Isso tudo é amplificado pelo estilo de animação que lembra muito o estúdio Ghibli, e se você sempre quis saber como seria um anime de horror lovecraftiano da Ghibli, bem, isso é o mais perto que você vai encontrar. De certa forma lembra um pouco Madoka Magica, onde um traço adoravel é utilizado para mostrar crianças fofinhas enfrentando abominações saídas de pesadelos.
O que Madoka Magica não tem, entretanto, é a trilha sonora fantástica de MIA. O interessante da trilha sonora de Made in Abyss é que ela não foi composta por um compositor japonês, mas por um compositor australiano chamado Kevin Penkin, e eu serei amaldiçoado se ele não provou alcançar a qualidade de alguém como Yuki Kajiura.
Para descrevê-la em uma palavra: sentimento. A trilha de Penkin consegue se equilibrar entre o maravilhamento de descobrir um novo mundo fantasticamente belo, em uma jornada esperançosa de conseguir o impossível, e ao mesmo tempo de partir o coração. A trilha sonora soa muito mística e alinhada com a atmosfera única do Abismo. Em particular, tem uma faixa chamada "Hanezeve Caradiha", que é linda além das palavras, com sua melodia suave e vocais suaves, mas com uma sensação estranha, é a definição perfeita do que esse anime transmite.
Essa cena vai te fazer chorar. Pelo monstro.

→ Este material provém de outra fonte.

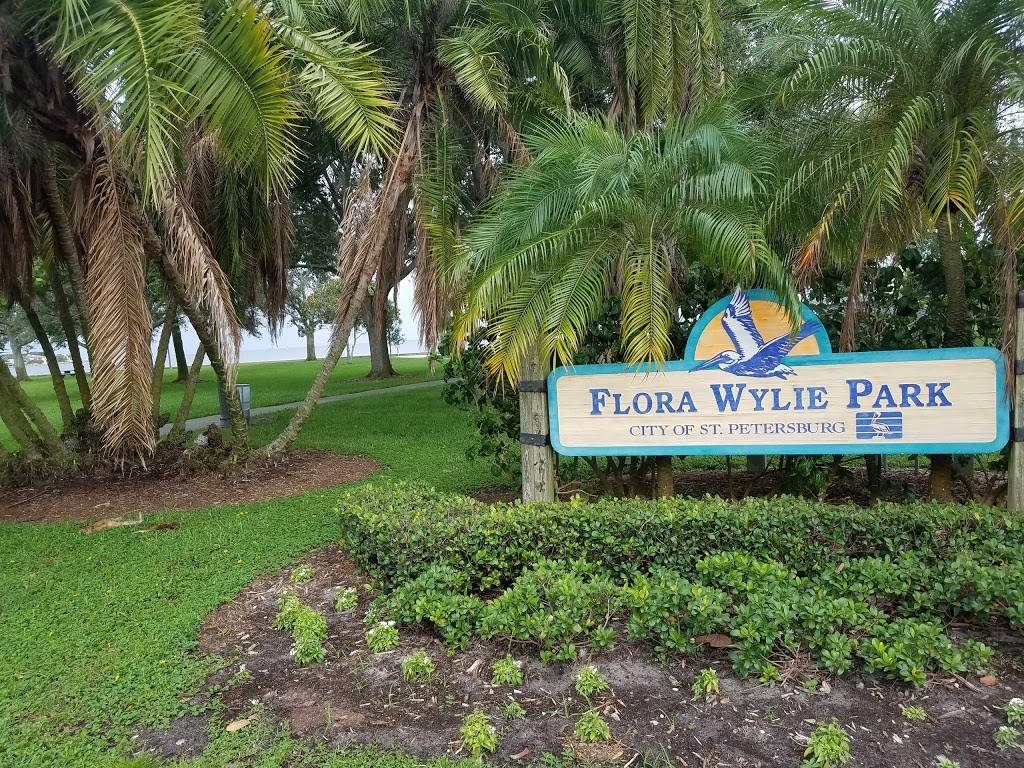 Flora Wylie Park | 1400 N Shore Dr NE, St. Petersburg, FL 33704, USA | Phone: (727) 893-7441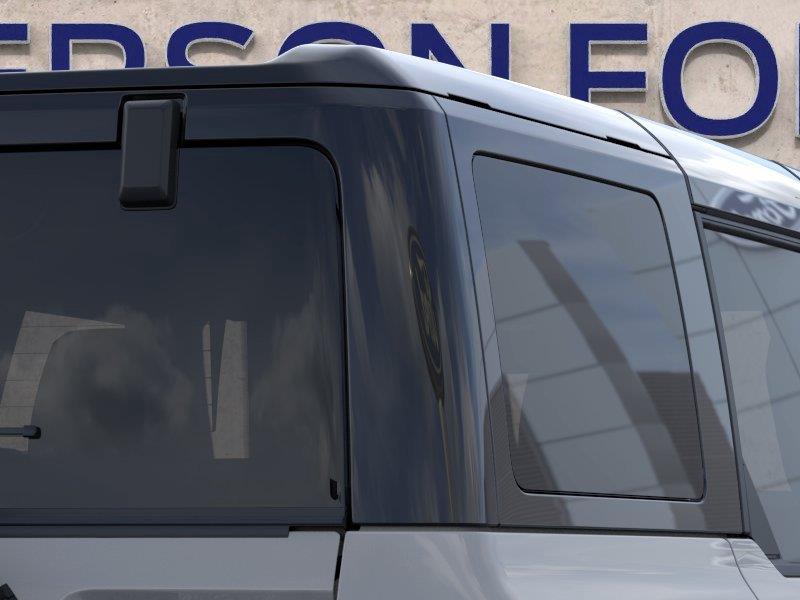 Vehicle photo 25
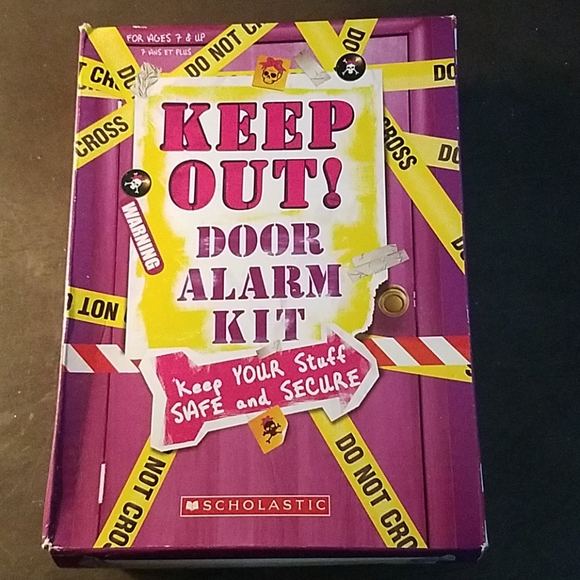 Scholastic Toys Keep Out Door Alarm Kit Poshmark
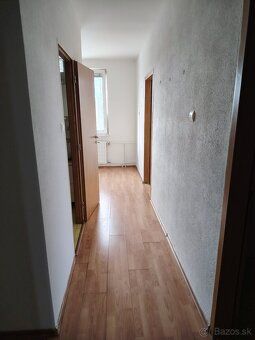 Predam 2i byt v Sali na ulici Palarika. Starsia rekonstrukci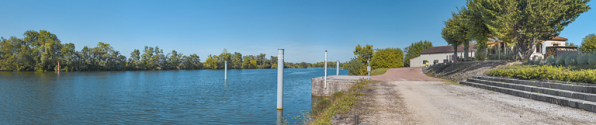 Le site de l'ancien barrage et la maison du barragiste, d'aval. Au fond, le bâtiment de VNF. © Région Bourgogne-Franche-Comté, Inventaire du patrimoine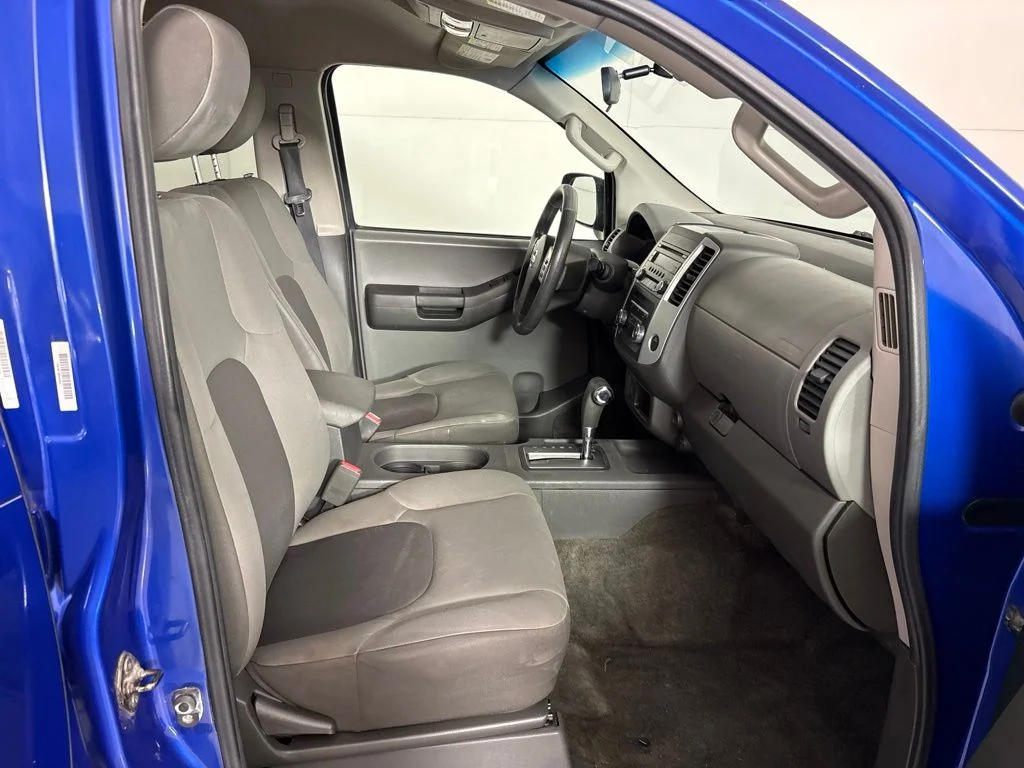 Used 2014 Blue Nissan X image 16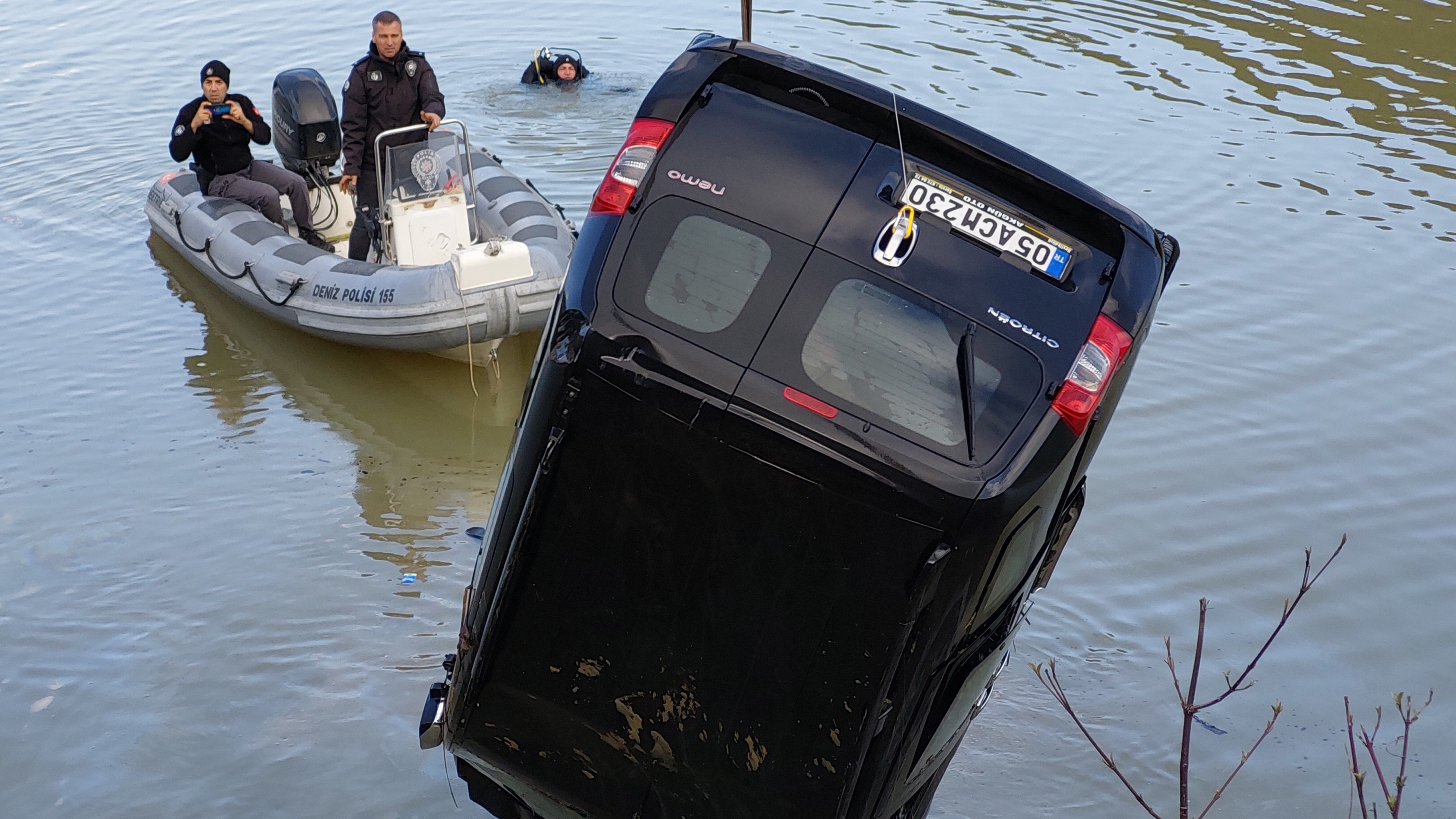 Samsun'da araç gölete uçtu! 2 ölü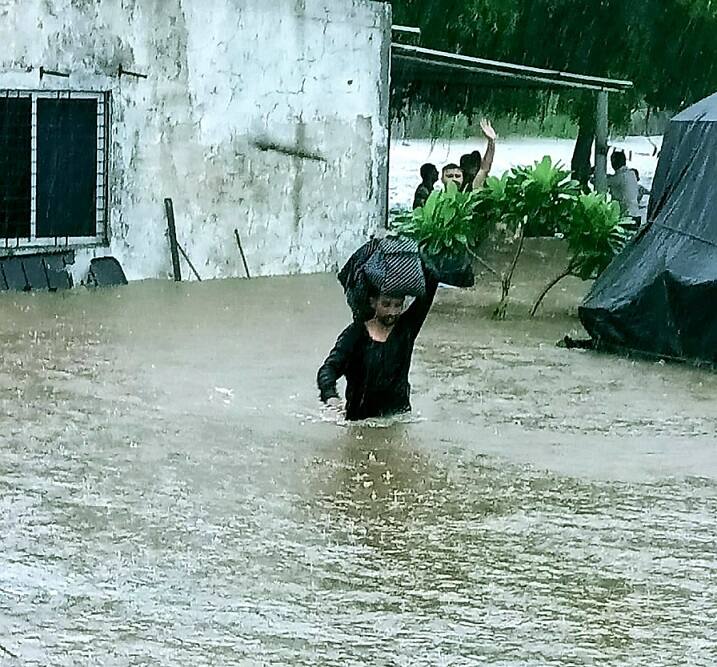 Heavy rains in Rajkot district, maximum 18 inches in Lodhika રાજકોટ જિલ્લામાં જળબંબાકાર, લોધિકામાં સૌથી વધુ 18 ઇંચ વરસાદ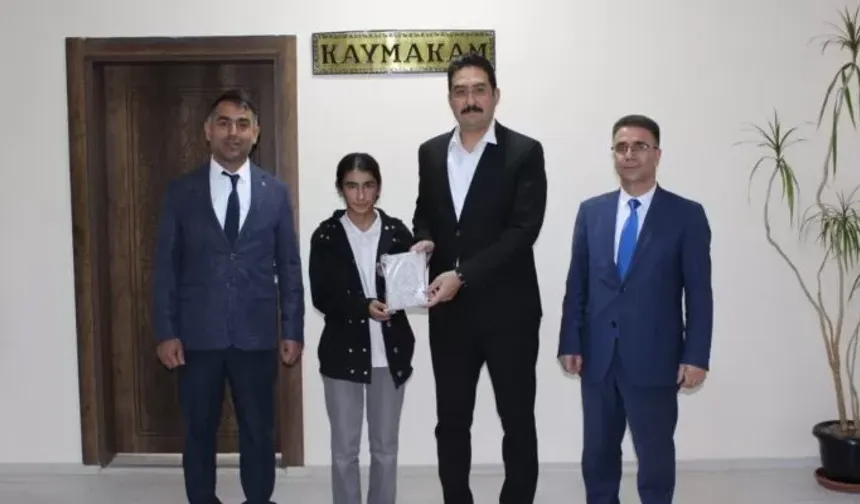 Hamur Kaymakamı Yıldırım’a, başarılı öğrencilerden ziyaret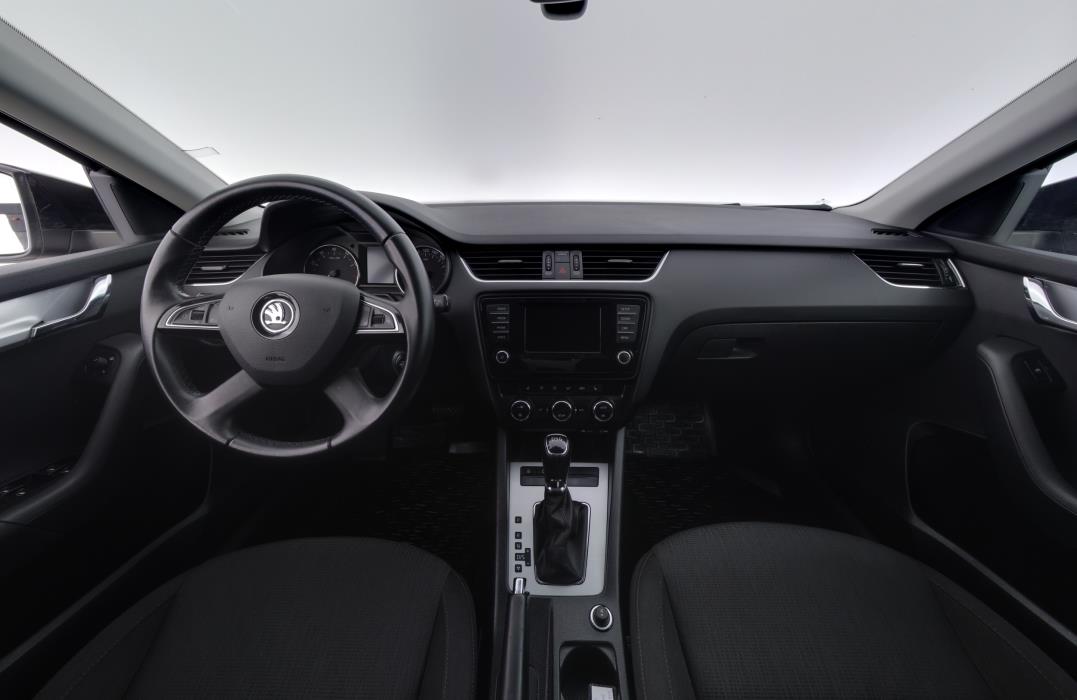 SKODA Octavia 2015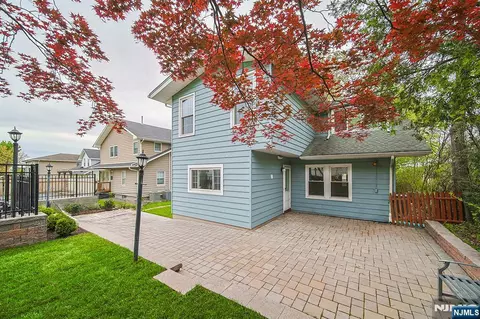 586 Hillside St, Ridgefield, NJ 07657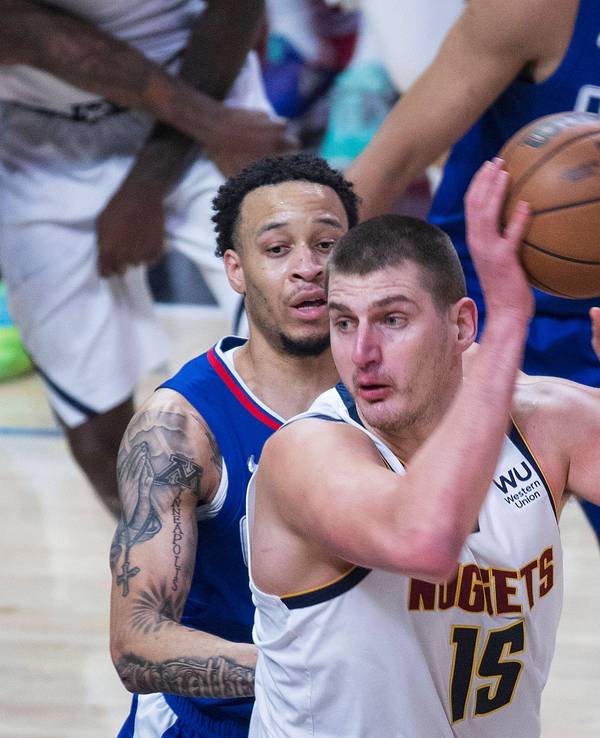 Nikola Jokic behauptet den Ball gegen Amir Coffey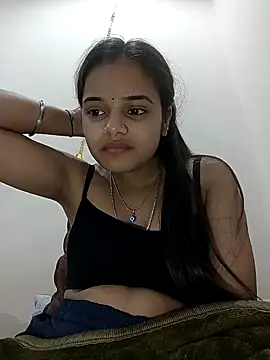 Snapshot of RAYI_123 chatting on February 3, 2025, 11:26 pm RAYI 123 online show from February 3, 2025, 11:26 pm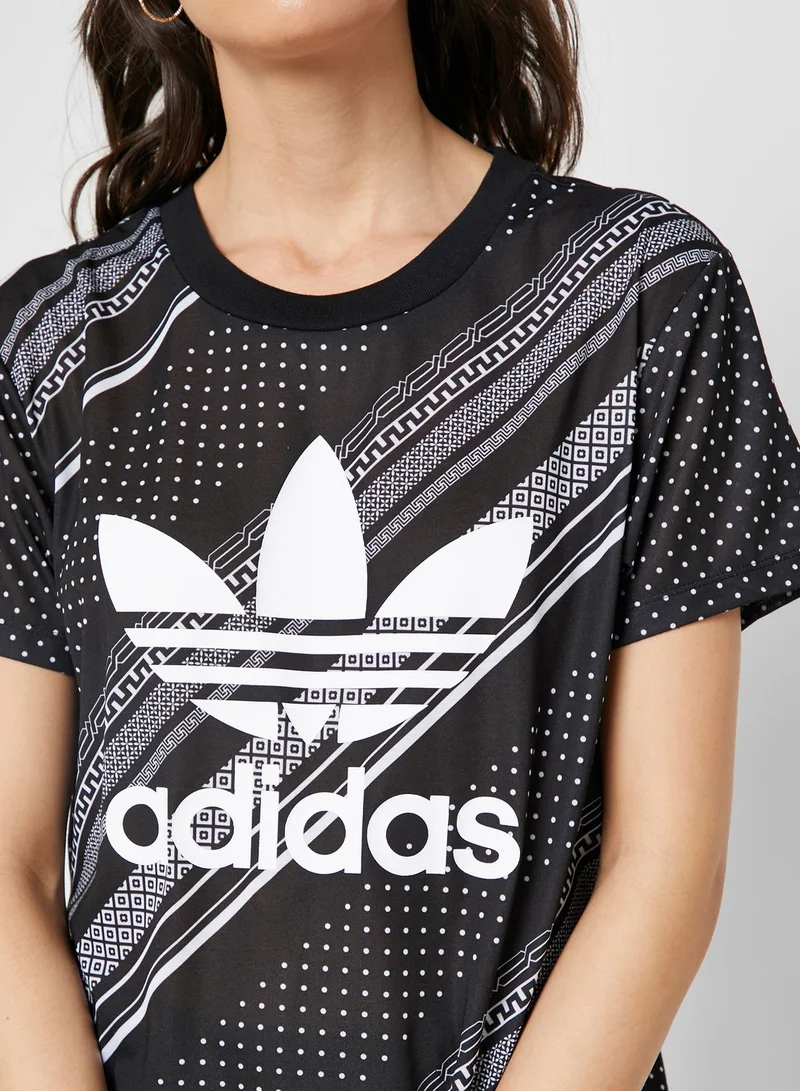 adidas Originals Boyfriend Trefoil T-Shirt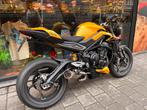 Triumph Street Triple RS met Spark uitlaat, Particulier, Sport, Handvatverwarming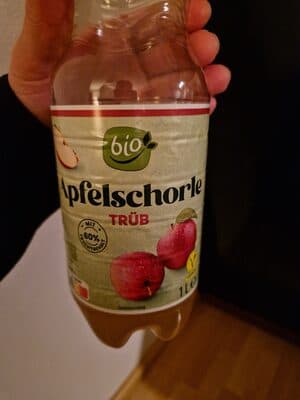 Bio-Apfelschorle trüb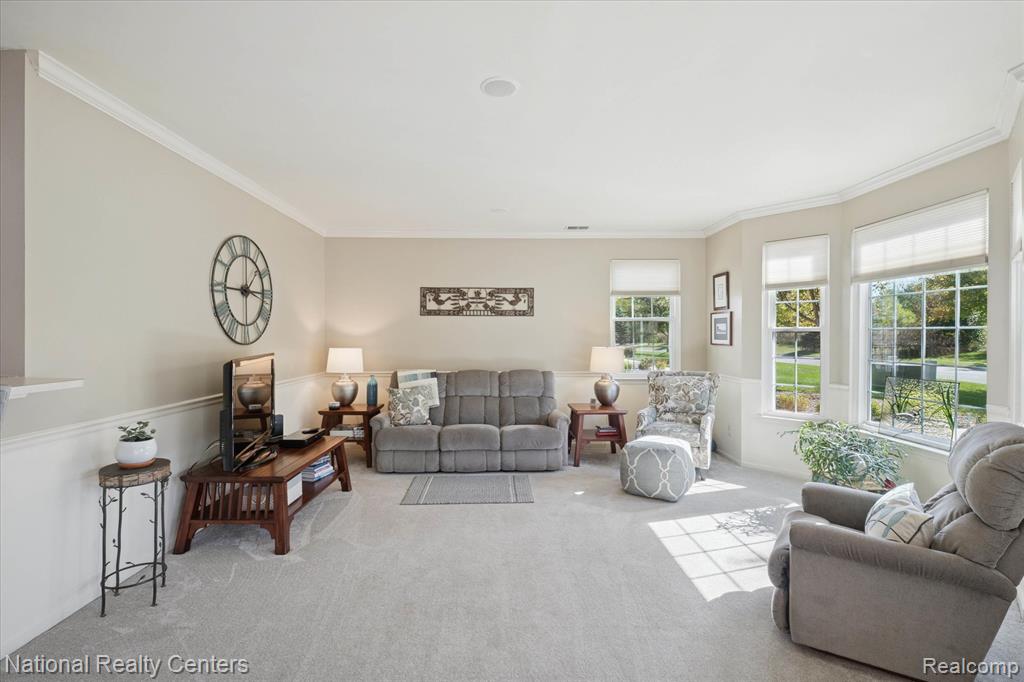 4067 Kirkway Court, 110, Howell, MI 48843 — Photo 8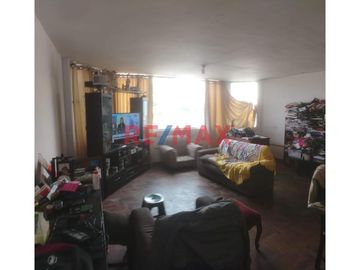 🌟 ¡OPORTUNIDAD ÚNICA EN TRUJILLO! 🌟

¡ATENCIÓN TRUJILLO! 🌟

¿Buscas una excelente oportunidad de inversión o el lugar ideal para tu familia o nego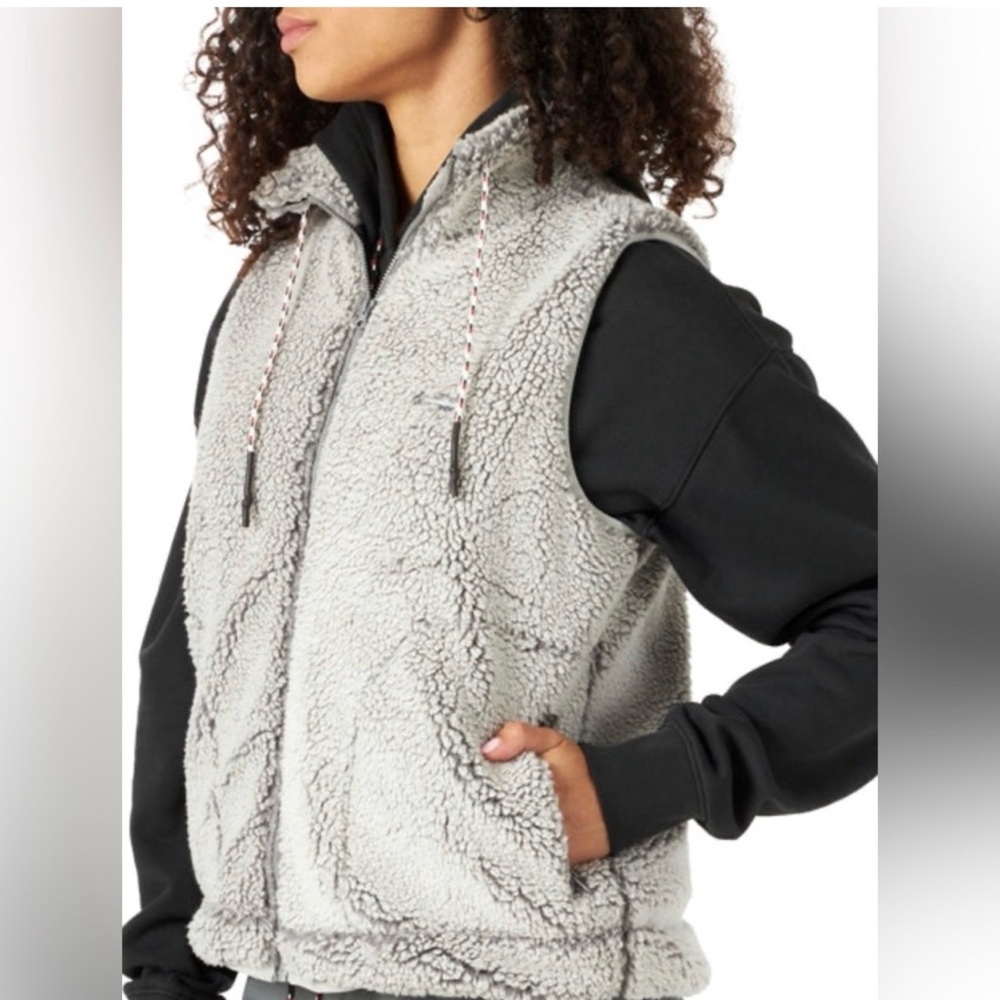 Wrangler® ATG™ All Terrain Gear Sherpa Fleece‎ Women's Vest Gray Size Small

Acredite. |
Poucos animes conseguem transitar com tanta graça entre ser como um sonho e um pesadelo, entre a esperança de atingir o impossível e o desespero de ser esmagado pela realidade, entre ver o que as pessoas tem de pior dentro dos seus corações, mas também o que elas tem de melhor.
Made in Abyss é um anime lindamente animado e inteligentemente escrito que merece muito o hype que recebeu durante a sua exibição. Não é perfeito, em grande parte por causa do início lento - leva pelo menos 4-5 episódios até o anime realmente mostrar ao que veio, o que é bastante coisa em um anime de apenas 13 episódios. O tema de abertura também é estranhamente genérico, o que é uma pena em um anime tão bom como esse.
Mas eu diria que, mesmo com seu curto tempo de execução, Made in Abyss atinge níveis que o anime completo de 25 episódios mal consegue arranhar. Seu mundo cuidadosamente bem pensado absorve desde o início, sua história revela alguns temas surpreendentemente pesados, e seu estilo visual simples é usado de maneira eficaz para evocar emoções. Isso para entrar no mérito de que o mistério do que tem no fundo do Abismo (se é que existe um) é muito interessante... alias o que sequer é aquele Abismo já é o suficiente para você querer assistir mais.
Emocionalmente, em tonalidade, MIA lembra bastante Nier Automata. E isso é um dos maiores elogios que se pode fazer.